DATA BLOCK:
——————
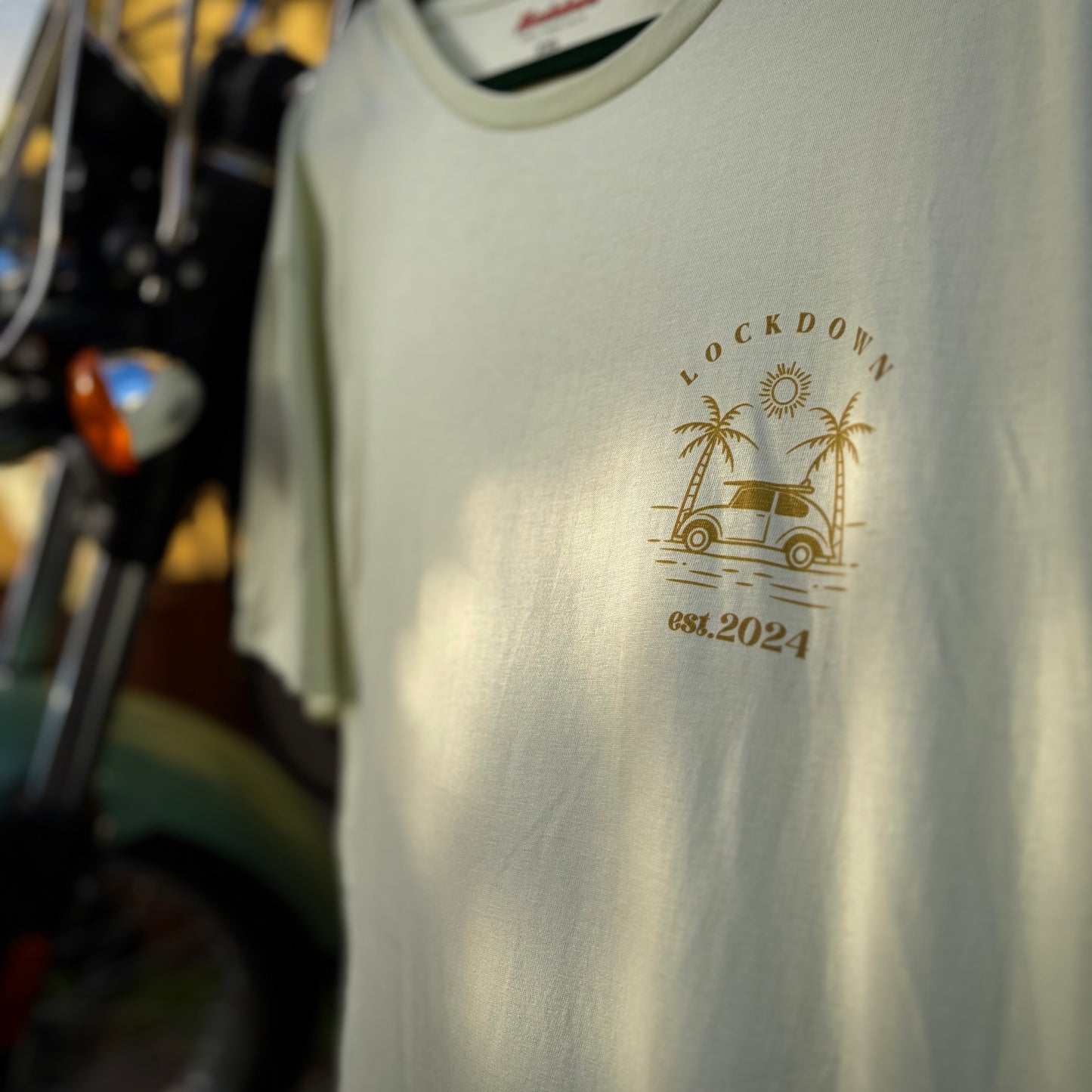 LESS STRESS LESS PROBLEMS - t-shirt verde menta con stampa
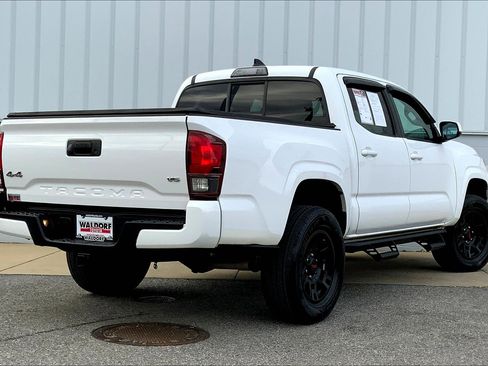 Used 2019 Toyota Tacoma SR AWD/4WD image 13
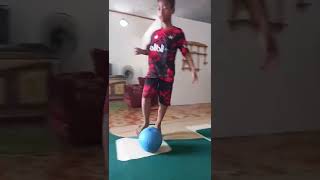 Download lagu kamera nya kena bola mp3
——————
WHAT TO DO: Omit the pictures, then output the rest of the listing exactly.

COMPLETED TASK:
 LESS STRESS LESS PROBLEMS - t-shirt verde menta con stampa
 Used 2019 Toyota Tacoma SR AWD/4WD image 13
 Download lagu kamera nya kena bola mp3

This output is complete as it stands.